*Work request*.
An exact reproduction is needed of every line from the beginning of the data down to and including the line that contains "Lilac Organza Floral", minus the pictures.

*Short web captions*.

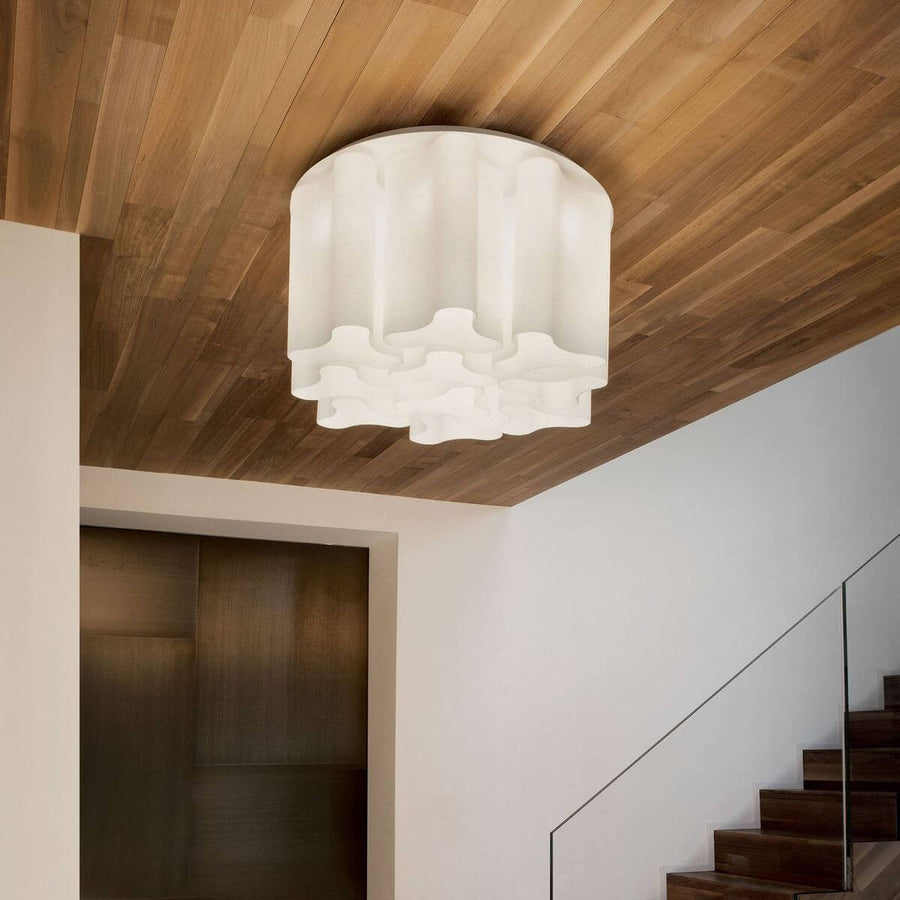Plafonnier Compo 10 lumières blanc, verre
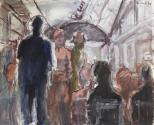 Georg Eisler, Straßenbahn, 1970, Öl auf Leinwand, 80 × 100 cm, Privatbesitz, Wien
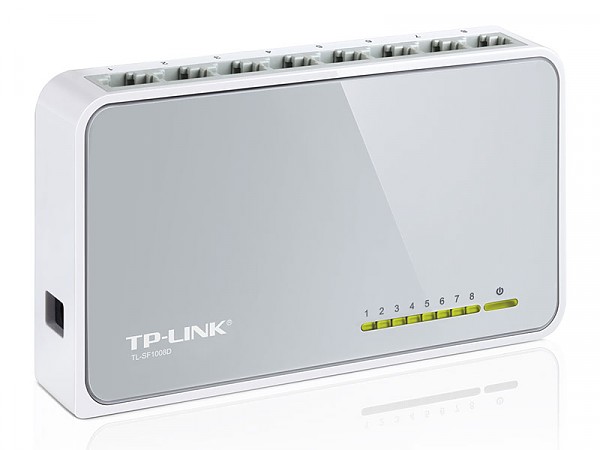 TP-Link TL-SF1008D, Unmanaged switch,  8x 10/100 RJ-45, desktop 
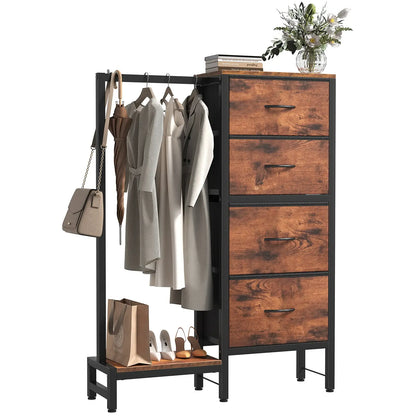 Dresser With Hanging Rack, Closet Organizer With LED Lights & Charging Station, Wooden Top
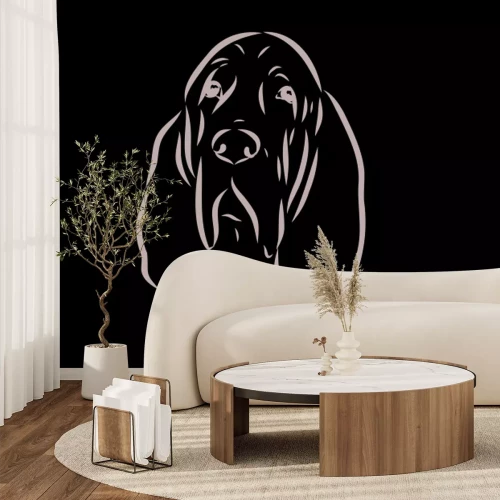 Fotobehang Schets van een hond in zwart-wit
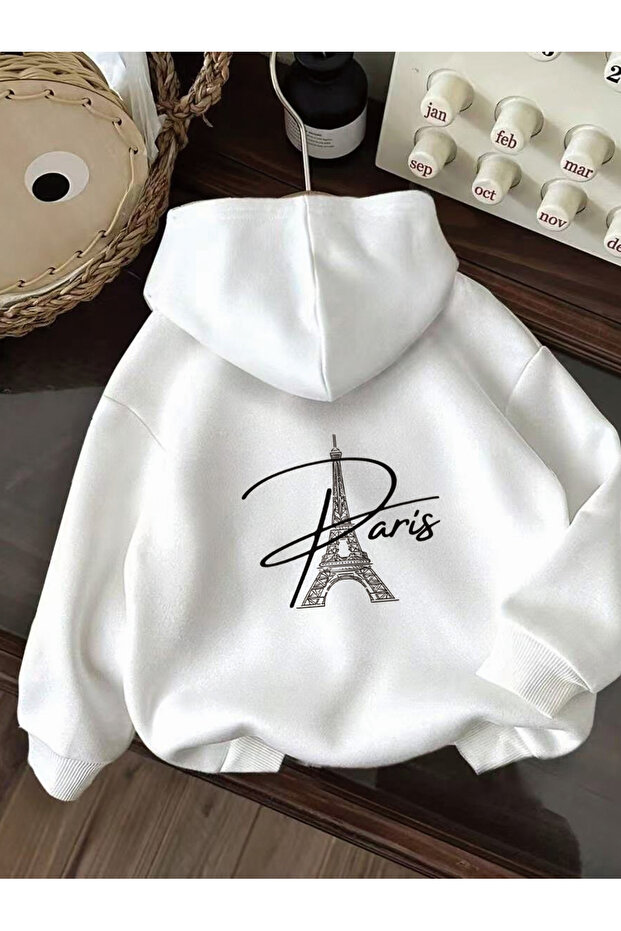 Unisex Paris Printed Hooded Kangaroo Pocket Comfortable Fit Oversize Cut Sweatshirt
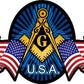 ProSticker 022 (One) 3" Masonic Series Compass Square American Flag Decals Sticker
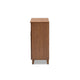 Baxton Studio Coolidge Modern and Contemporary Walnut Finished 4-Shelf Wood Shoe Storage Cabinet with Drawer WHI-FP-02LV-Walnut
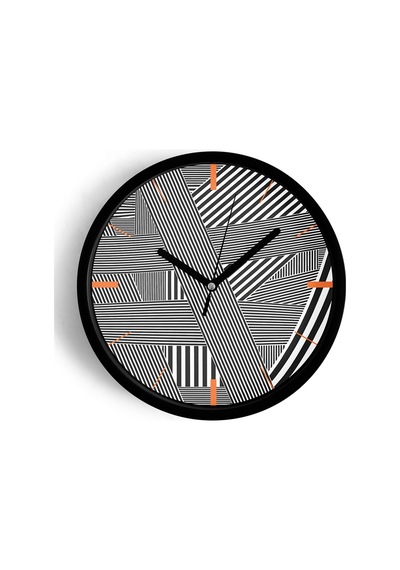 Soyut - Bohem - Geometrik Temalı Modern Duvar Saati - 30cm - Önü Camlı Siyah Kasa - Sessiz Mekanizma-jh0499 Siyah
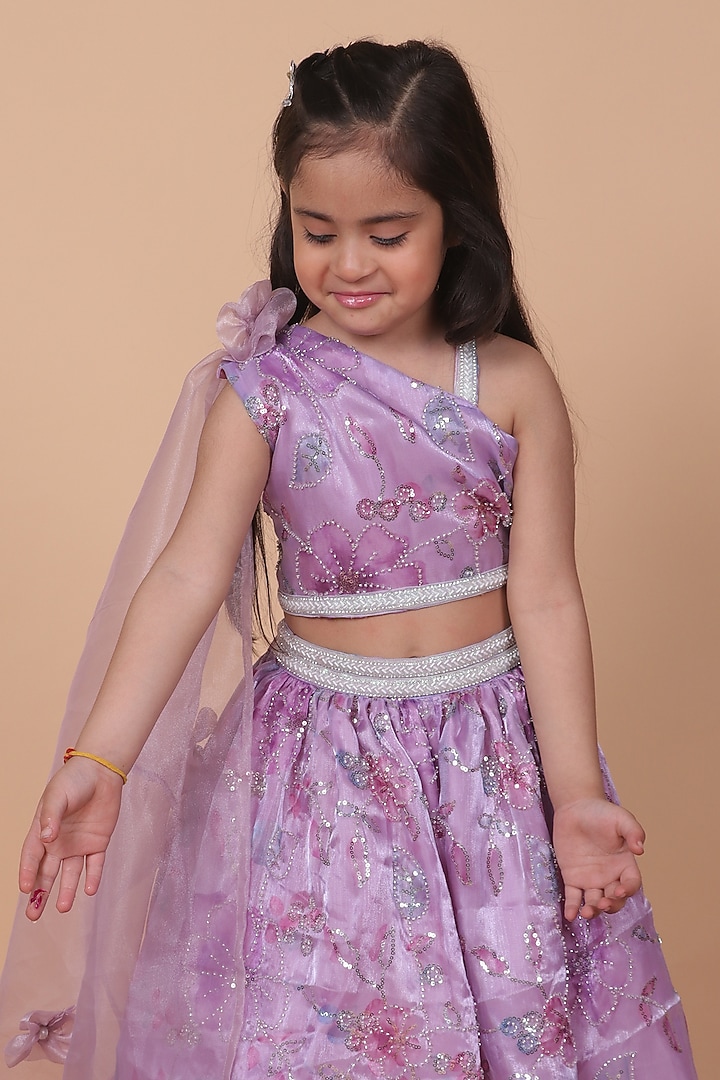 Lilac Organza Floral Lehenga Set For Girls by Little Blessings at Pernia's Pop Up Shop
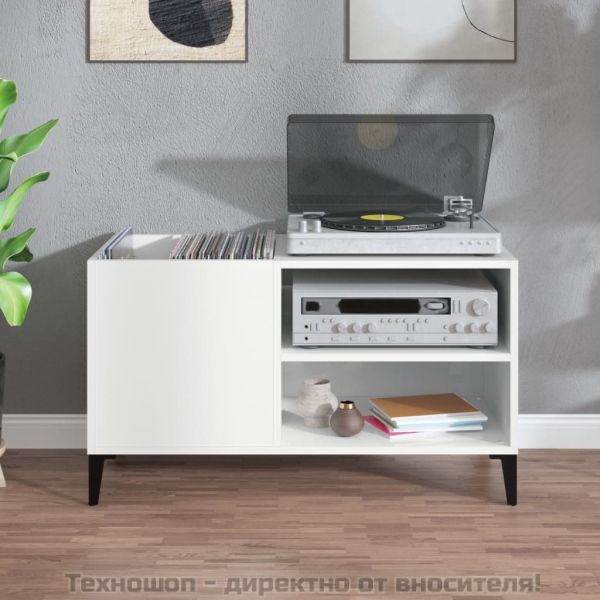 Шкаф за винилови плочи бял гланц 84,5x38x48 см инженерно дърво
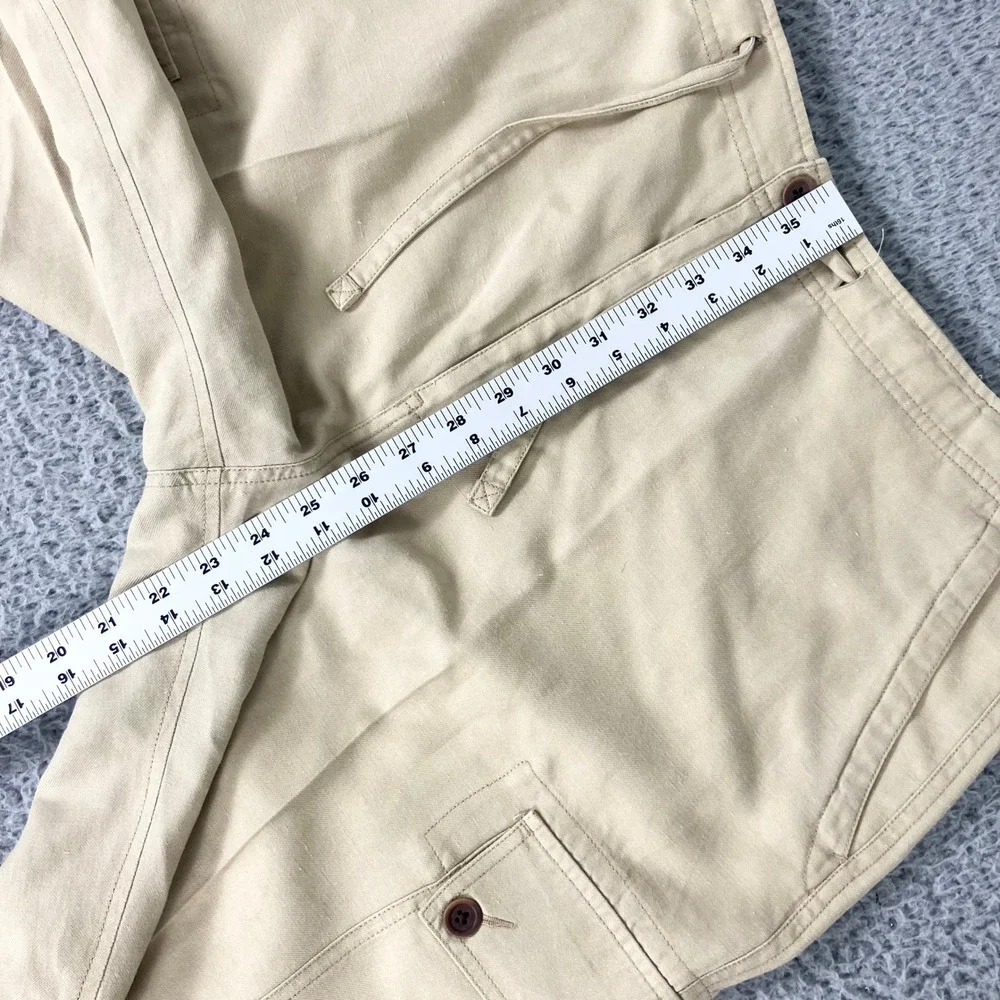Polo Ralph Lauren Shorts Mens 32 Tan Cargo Silk Linen Cotton Drawstring Resort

*Task solution*.
Plafonnier Compo 10 lumières blanc, verre
 Georg Eisler, Straßenbahn, 1970, Öl auf Leinwand, 80 × 100 cm, Privatbesitz, Wien
 TP-Link TL-SF1008D, Unmanaged switch,  8x 10/100 RJ-45, desktop 
 Dresser With Hanging Rack, Closet Organizer With LED Lights & Charging Station, Wooden Top
 Fotobehang Schets van een hond in zwart-wit
 Unisex Paris Printed Hooded Kangaroo Pocket Comfortable Fit Oversize Cut Sweatshirt
 ProSticker 022 (One) 3" Masonic Series Compass Square American Flag Decals Sticker
 Baxton Studio Coolidge Modern and Contemporary Walnut Finished 4-Shelf Wood Shoe Storage Cabinet with Drawer WHI-FP-02LV-Walnut
 Soyut - Bohem - Geometrik Temalı Modern Duvar Saati - 30cm - Önü Camlı Siyah Kasa - Sessiz Mekanizma-jh0499 Siyah
 Lilac Organza Floral Lehenga Set For Girls by Little Blessings at Pernia's Pop Up Shop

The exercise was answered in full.